Autre raison pour éviter le contact avec le procyon lotor, sanitaire cette fois: il est sujet à différentes maladies, dont la maladie de Carré, transmissible au chien. Il est également potentiellement porteur d’un ver parasite, le baylisascaris procyonis, qui peut contaminer l’homme. Une infection rare, mais dangereuse, voire mortelle. «Même si cet animal est hyperséducteur et qu’on aurait bien envie de l’apprivoiser et de le nourrir à la main, c’est la dernière chose à faire.»

Bas les pattes! Astuces pour éviter le pillage

Donner à manger au raton? Mauvaise idée. Il est au contraire recommandé de ne pas laisser cette espèce opportuniste accéder à tout ce dont elle pourrait se nourrir aux abords des maisons. Ainsi, si on installe des nichoirs à oiseaux dans son jardin, il faudra les protéger.Par exemple en plaçant un «stop minou», un collier à picots attaché autour du tronc pour éviter qu’un animal ne puisse grimper au-delà, ou un bout de bâche en plastique dur sur une soixantaine de centimètres à peu près à un mètre de haut, sur lequel les griffes n’auront pas de prise. Idem pour les arbres fruitiers au moment de la fructification. Autres recommandations: placer un bloc de béton devant la chatière de manière à ce que seul le chat puisse s’y faufiler, protéger les graines des poules et les boules à oiseaux et couper les branches qui permettraient d’accéder à une lucarne dans un toit ou à un espace sous la toiture.

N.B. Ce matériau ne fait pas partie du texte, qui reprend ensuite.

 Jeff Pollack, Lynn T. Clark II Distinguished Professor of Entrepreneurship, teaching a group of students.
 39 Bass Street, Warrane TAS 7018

Le SPW finalise un dépliant sur les manières de limiter les nuisances du raton laveur autour de son habitation.

Wanted: mammifères exotiques invasifs

Le raton laveur n’est pas le seul mammifère exotique dont la forte présence en Wallonie est préoccupante. «La problématique des ragondins (photo) et des rats musqués est de plus en plus importante pour les rivières, souligne le biologiste Yanick Collignon. Ils sont porteurs de maladies et creusent tellement de trous dans les berges de la Semois que ça peut occasionner des risques d’éboulement.»

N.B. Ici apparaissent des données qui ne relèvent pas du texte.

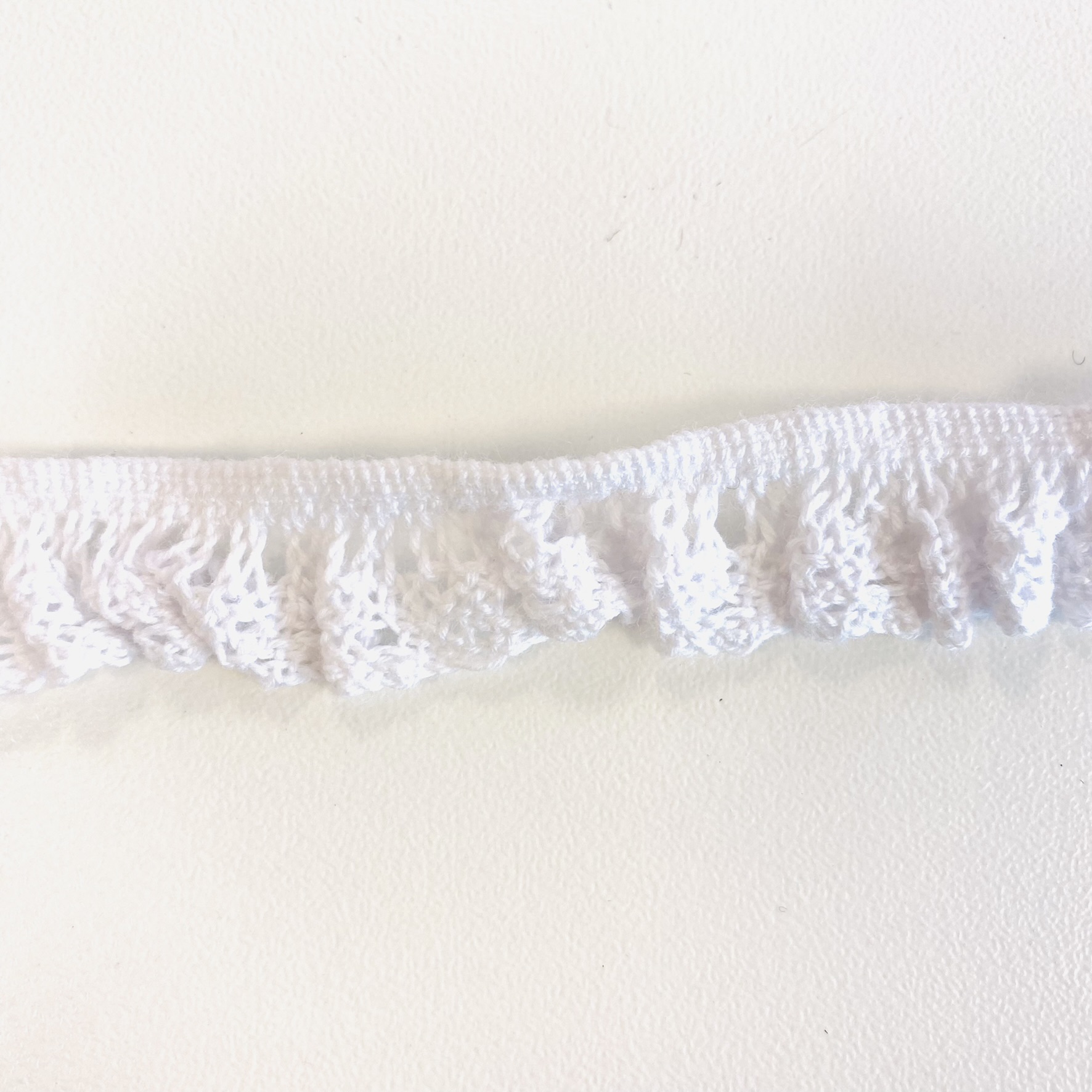 Hvid elastik med hæklet bomulds blonde, 15 mm - RiLa Stof &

«En forêt de Soignes, on surveille aussi les Tamias de Sibérie, relâchés volontairement par des marchands d’animaux qui ont mis la clé sous la porte, affirme de son côté Vinciane Schockert (Demna), mais c’est surtout l’arrivée potentielle d’écureuils gris d’Amérique qui inquiète. C’est non seulement un compétiteur de notre écureuil roux pour la nourriture et les gîtes, mais il est aussi porteur sain d’un virus susceptible de le contaminer mortellement. Si l’écureuil gris était présent, il faudrait certainement lancer une campagne d’éradication, ce qui ne peut se faire qu’au tout début des stades de colonisation, quand la population est très limitée.»